The decade that Solvyns spent in and around Calcutta was used extensively by him to move around to capture the common Indians at work in his etchings. For anyone looking at these works today, they serve as a valuable documentation of the people of the times gone by, and we . should be indebted to the artist for this. Even the works that feature Ramayan Gayn [Ramayan gaan/Narration of Ramayan], Mohabharat Chobha [Mahabharat sabha], or Routh Jatrah [Rath Yatra] seem to present simply a record of the event on how it was held, how the people involved conducted it and how the devotees were seated or stood while witnessing it. Solvyns is undoubtedly one of the few foreigners who captured Indians in the Eastern provinces in their elements, with a focus on their caste-based occupations, albeit from an outsider’s eye.
Solvyns own words make for an interesting question to ponder on,
“What spectacle more interesting or more deserving of our attention, than the remains of a celebrated nation inhabiting one of the most delightful countries of Asia, and treasuring up as a sacred deposit, the simplicity of its antique virtues, in the midst of universal corruption and the refinements of foreign civilization?”
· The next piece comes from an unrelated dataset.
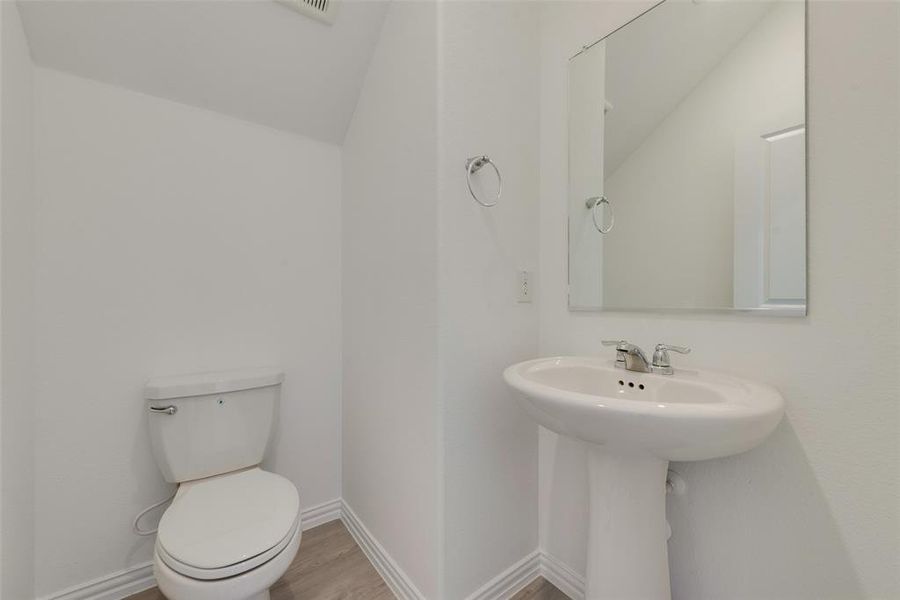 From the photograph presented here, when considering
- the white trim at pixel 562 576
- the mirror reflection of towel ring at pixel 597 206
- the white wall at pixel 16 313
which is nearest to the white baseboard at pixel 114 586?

It is cruel that even after three centuries since these works were created, India is still a nation struggling with the toxicity of caste discrimination. The show is a MUST SEE as it is definitely one place where we can verify how little the nation has progressed on equality for all.
The show is on display at Bikaner House, New Delhi till 20 August 2021.
(All photographs taken by Aakshat Sinha at the Bikaner House, courtesy of Delhi Art Gallery DAG.)
Aakshat Sinha is an artist and curator. He also writes poetry and has created and published comics. He is the Founding Partner of artamour.